Exercise materials section start
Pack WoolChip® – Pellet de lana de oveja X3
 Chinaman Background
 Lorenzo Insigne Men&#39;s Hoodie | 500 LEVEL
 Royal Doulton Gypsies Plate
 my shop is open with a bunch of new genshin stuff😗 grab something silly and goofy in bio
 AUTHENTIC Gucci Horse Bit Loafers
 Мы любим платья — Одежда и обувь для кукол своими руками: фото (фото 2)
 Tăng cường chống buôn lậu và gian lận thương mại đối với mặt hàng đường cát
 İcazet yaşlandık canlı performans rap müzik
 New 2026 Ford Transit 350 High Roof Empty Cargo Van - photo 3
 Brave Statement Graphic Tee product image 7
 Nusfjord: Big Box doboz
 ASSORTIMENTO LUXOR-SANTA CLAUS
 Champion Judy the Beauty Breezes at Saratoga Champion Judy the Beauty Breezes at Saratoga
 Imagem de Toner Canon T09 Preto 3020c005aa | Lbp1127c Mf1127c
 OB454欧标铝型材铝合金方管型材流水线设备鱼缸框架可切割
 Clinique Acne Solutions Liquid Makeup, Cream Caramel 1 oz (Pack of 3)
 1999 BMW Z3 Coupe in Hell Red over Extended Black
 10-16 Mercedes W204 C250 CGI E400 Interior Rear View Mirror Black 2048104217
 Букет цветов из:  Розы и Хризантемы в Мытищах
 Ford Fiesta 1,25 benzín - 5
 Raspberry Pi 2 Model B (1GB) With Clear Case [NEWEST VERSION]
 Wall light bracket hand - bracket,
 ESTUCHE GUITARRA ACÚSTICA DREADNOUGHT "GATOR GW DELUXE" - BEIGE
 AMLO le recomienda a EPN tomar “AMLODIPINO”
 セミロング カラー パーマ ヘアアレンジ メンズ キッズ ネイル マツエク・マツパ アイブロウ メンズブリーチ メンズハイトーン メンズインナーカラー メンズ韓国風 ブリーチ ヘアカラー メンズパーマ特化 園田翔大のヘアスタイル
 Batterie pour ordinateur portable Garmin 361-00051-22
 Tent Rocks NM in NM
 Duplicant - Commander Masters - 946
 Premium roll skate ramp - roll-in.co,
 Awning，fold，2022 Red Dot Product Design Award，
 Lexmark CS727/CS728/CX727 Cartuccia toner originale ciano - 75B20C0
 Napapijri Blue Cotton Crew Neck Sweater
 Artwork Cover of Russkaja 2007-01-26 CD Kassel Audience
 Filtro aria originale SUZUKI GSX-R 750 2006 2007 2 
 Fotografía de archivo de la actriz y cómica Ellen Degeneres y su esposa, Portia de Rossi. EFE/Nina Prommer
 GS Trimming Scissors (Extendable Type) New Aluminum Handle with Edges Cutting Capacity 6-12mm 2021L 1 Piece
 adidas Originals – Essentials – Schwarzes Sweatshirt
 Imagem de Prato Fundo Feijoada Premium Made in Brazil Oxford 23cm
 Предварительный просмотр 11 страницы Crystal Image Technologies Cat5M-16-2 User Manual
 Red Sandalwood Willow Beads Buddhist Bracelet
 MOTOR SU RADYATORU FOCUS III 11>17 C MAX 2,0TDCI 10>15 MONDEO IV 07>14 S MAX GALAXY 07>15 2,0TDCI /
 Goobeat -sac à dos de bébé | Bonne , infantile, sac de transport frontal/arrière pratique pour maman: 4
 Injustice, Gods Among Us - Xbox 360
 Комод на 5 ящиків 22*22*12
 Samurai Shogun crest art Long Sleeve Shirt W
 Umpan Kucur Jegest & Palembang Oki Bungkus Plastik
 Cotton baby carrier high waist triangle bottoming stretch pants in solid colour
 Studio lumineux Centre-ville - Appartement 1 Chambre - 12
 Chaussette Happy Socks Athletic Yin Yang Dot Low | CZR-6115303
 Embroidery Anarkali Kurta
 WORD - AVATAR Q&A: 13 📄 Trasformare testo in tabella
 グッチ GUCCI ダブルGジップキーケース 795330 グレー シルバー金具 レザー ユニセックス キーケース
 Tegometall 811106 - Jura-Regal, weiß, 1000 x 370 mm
Exercise materials section end
Please restate every line of the records exactly.

Pack WoolChip® – Pellet de lana de oveja X3
 Chinaman Background
 Lorenzo Insigne Men&#39;s Hoodie | 500 LEVEL
 Royal Doulton Gypsies Plate
 my shop is open with a bunch of new genshin stuff😗 grab something silly and goofy in bio
 AUTHENTIC Gucci Horse Bit Loafers
 Мы любим платья — Одежда и обувь для кукол своими руками: фото (фото 2)
 Tăng cường chống buôn lậu và gian lận thương mại đối với mặt hàng đường cát
 İcazet yaşlandık canlı performans rap müzik
 New 2026 Ford Transit 350 High Roof Empty Cargo Van - photo 3
 Brave Statement Graphic Tee product image 7
 Nusfjord: Big Box doboz
 ASSORTIMENTO LUXOR-SANTA CLAUS
 Champion Judy the Beauty Breezes at Saratoga Champion Judy the Beauty Breezes at Saratoga
 Imagem de Toner Canon T09 Preto 3020c005aa | Lbp1127c Mf1127c
 OB454欧标铝型材铝合金方管型材流水线设备鱼缸框架可切割
 Clinique Acne Solutions Liquid Makeup, Cream Caramel 1 oz (Pack of 3)
 1999 BMW Z3 Coupe in Hell Red over Extended Black
 10-16 Mercedes W204 C250 CGI E400 Interior Rear View Mirror Black 2048104217
 Букет цветов из:  Розы и Хризантемы в Мытищах
 Ford Fiesta 1,25 benzín - 5
 Raspberry Pi 2 Model B (1GB) With Clear Case [NEWEST VERSION]
 Wall light bracket hand - bracket,
 ESTUCHE GUITARRA ACÚSTICA DREADNOUGHT "GATOR GW DELUXE" - BEIGE
 AMLO le recomienda a EPN tomar “AMLODIPINO”
 セミロング カラー パーマ ヘアアレンジ メンズ キッズ ネイル マツエク・マツパ アイブロウ メンズブリーチ メンズハイトーン メンズインナーカラー メンズ韓国風 ブリーチ ヘアカラー メンズパーマ特化 園田翔大のヘアスタイル
 Batterie pour ordinateur portable Garmin 361-00051-22
 Tent Rocks NM in NM
 Duplicant - Commander Masters - 946
 Premium roll skate ramp - roll-in.co,
 Awning，fold，2022 Red Dot Product Design Award，
 Lexmark CS727/CS728/CX727 Cartuccia toner originale ciano - 75B20C0
 Napapijri Blue Cotton Crew Neck Sweater
 Artwork Cover of Russkaja 2007-01-26 CD Kassel Audience
 Filtro aria originale SUZUKI GSX-R 750 2006 2007 2 
 Fotografía de archivo de la actriz y cómica Ellen Degeneres y su esposa, Portia de Rossi. EFE/Nina Prommer
 GS Trimming Scissors (Extendable Type) New Aluminum Handle with Edges Cutting Capacity 6-12mm 2021L 1 Piece
 adidas Originals – Essentials – Schwarzes Sweatshirt
 Imagem de Prato Fundo Feijoada Premium Made in Brazil Oxford 23cm
 Предварительный просмотр 11 страницы Crystal Image Technologies Cat5M-16-2 User Manual
 Red Sandalwood Willow Beads Buddhist Bracelet
 MOTOR SU RADYATORU FOCUS III 11>17 C MAX 2,0TDCI 10>15 MONDEO IV 07>14 S MAX GALAXY 07>15 2,0TDCI /
 Goobeat -sac à dos de bébé | Bonne , infantile, sac de transport frontal/arrière pratique pour maman: 4
 Injustice, Gods Among Us - Xbox 360
 Комод на 5 ящиків 22*22*12
 Samurai Shogun crest art Long Sleeve Shirt W
 Umpan Kucur Jegest & Palembang Oki Bungkus Plastik
 Cotton baby carrier high waist triangle bottoming stretch pants in solid colour
 Studio lumineux Centre-ville - Appartement 1 Chambre - 12
 Chaussette Happy Socks Athletic Yin Yang Dot Low | CZR-6115303
 Embroidery Anarkali Kurta
 WORD - AVATAR Q&A: 13 📄 Trasformare testo in tabella
 グッチ GUCCI ダブルGジップキーケース 795330 グレー シルバー金具 レザー ユニセックス キーケース
 Tegometall 811106 - Jura-Regal, weiß, 1000 x 370 mm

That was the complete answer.